──────── Data provided

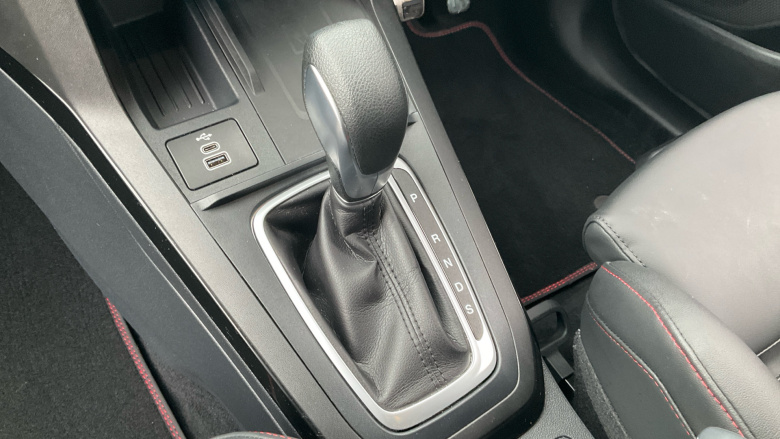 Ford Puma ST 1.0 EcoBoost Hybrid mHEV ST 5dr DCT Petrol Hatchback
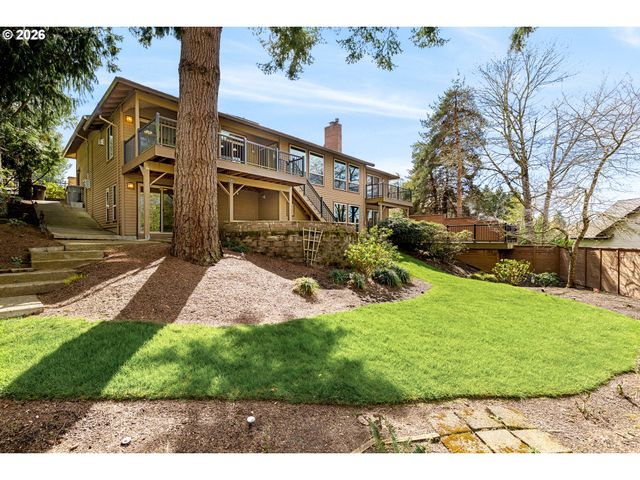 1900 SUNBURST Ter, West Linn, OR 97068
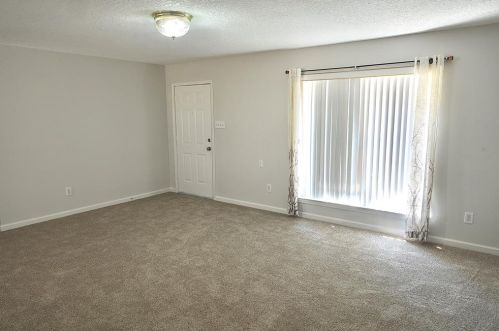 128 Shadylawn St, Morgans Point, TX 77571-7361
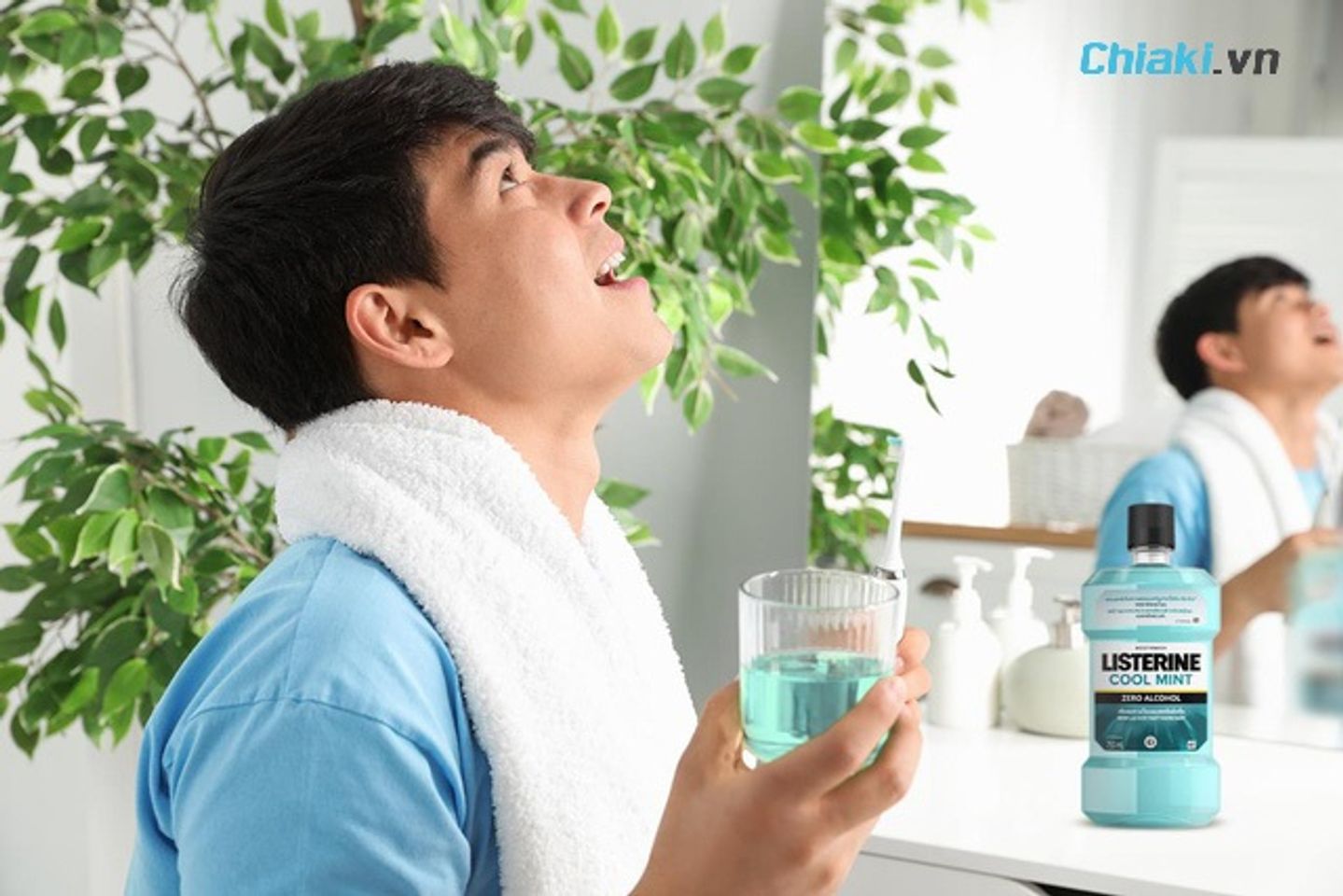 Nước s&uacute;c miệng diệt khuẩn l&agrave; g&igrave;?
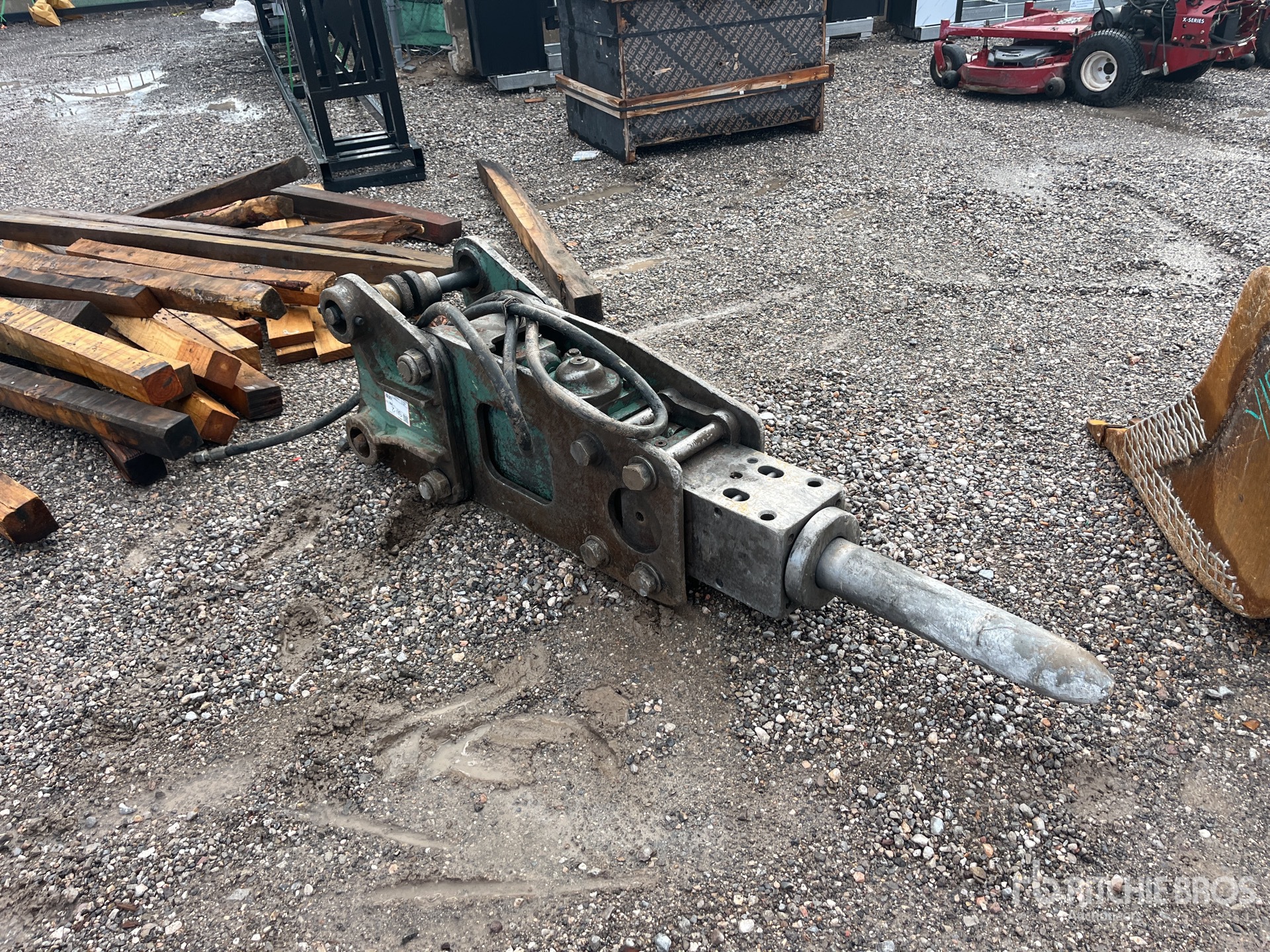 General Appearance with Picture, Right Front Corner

────────────────
──────── Data provided

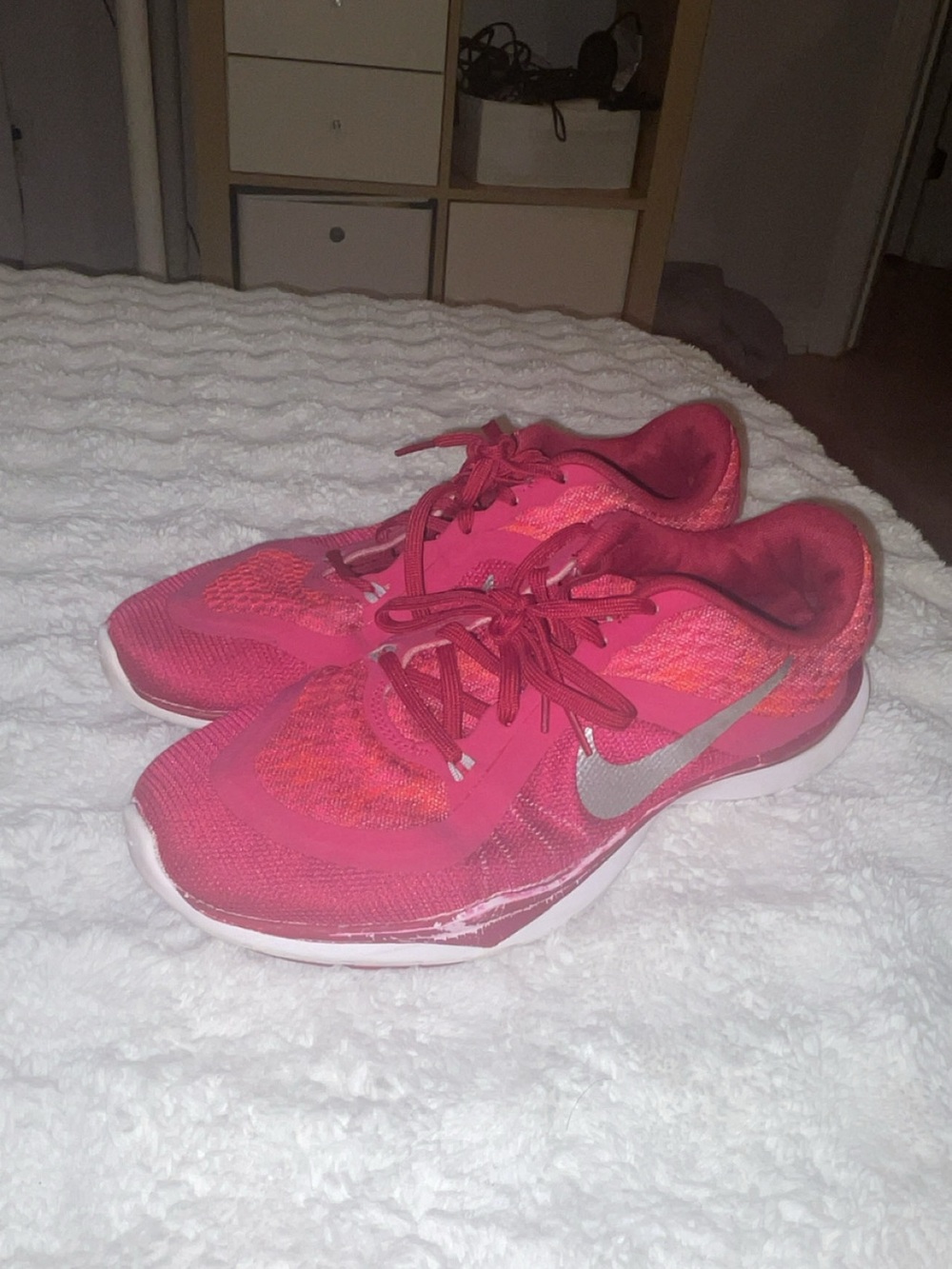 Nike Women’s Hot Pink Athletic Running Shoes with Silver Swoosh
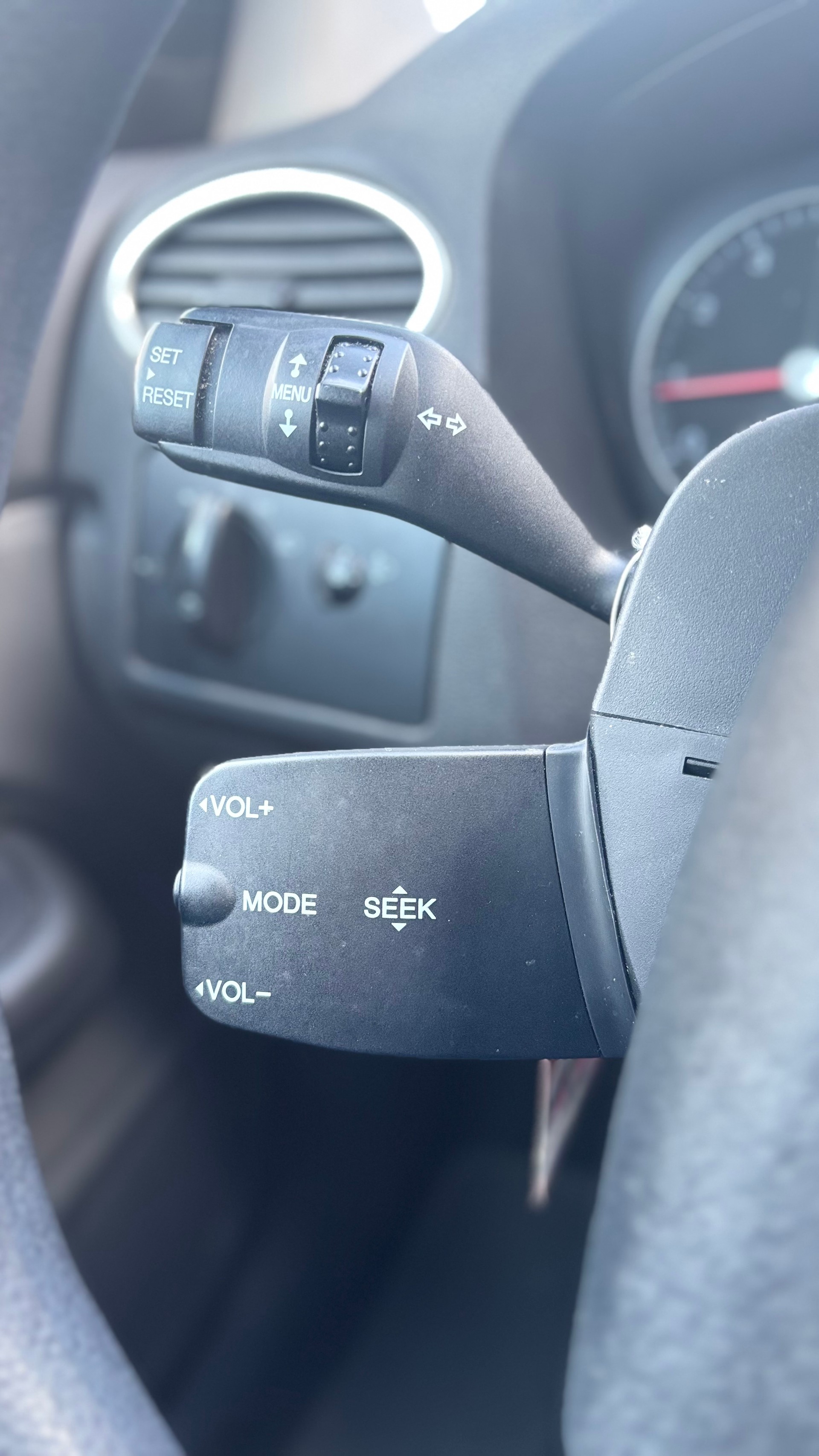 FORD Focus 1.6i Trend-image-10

────────────────
──────── Data provided

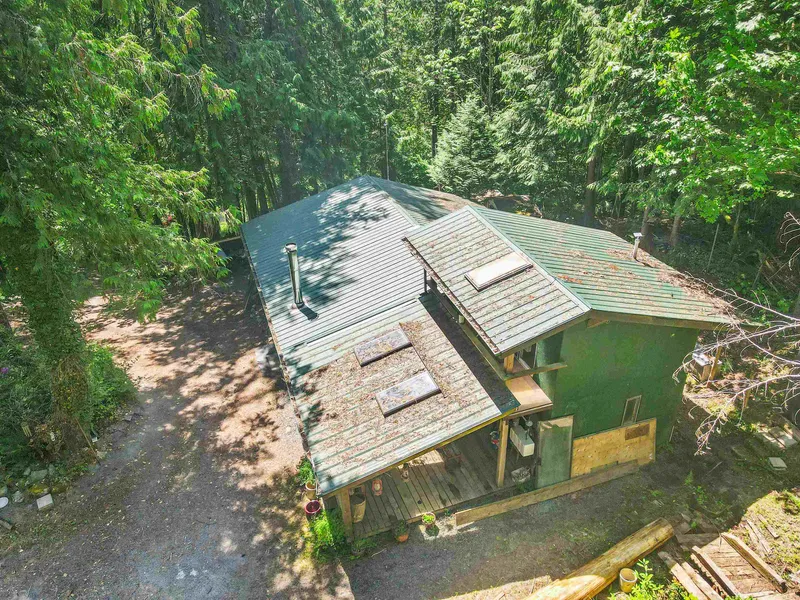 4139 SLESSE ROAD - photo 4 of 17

────────────────

- _Exercise aim_: Above, find the line with "128 Shadylawn St, Morgans"; copy it and every line down to the line with "General Appearance with", exactly and both included, but no pictures.

- _Solution to this exercise_:
 128 Shadylawn St, Morgans Point, TX 77571-7361
 Nước s&uacute;c miệng diệt khuẩn l&agrave; g&igrave;?
 General Appearance with Picture, Right Front Corner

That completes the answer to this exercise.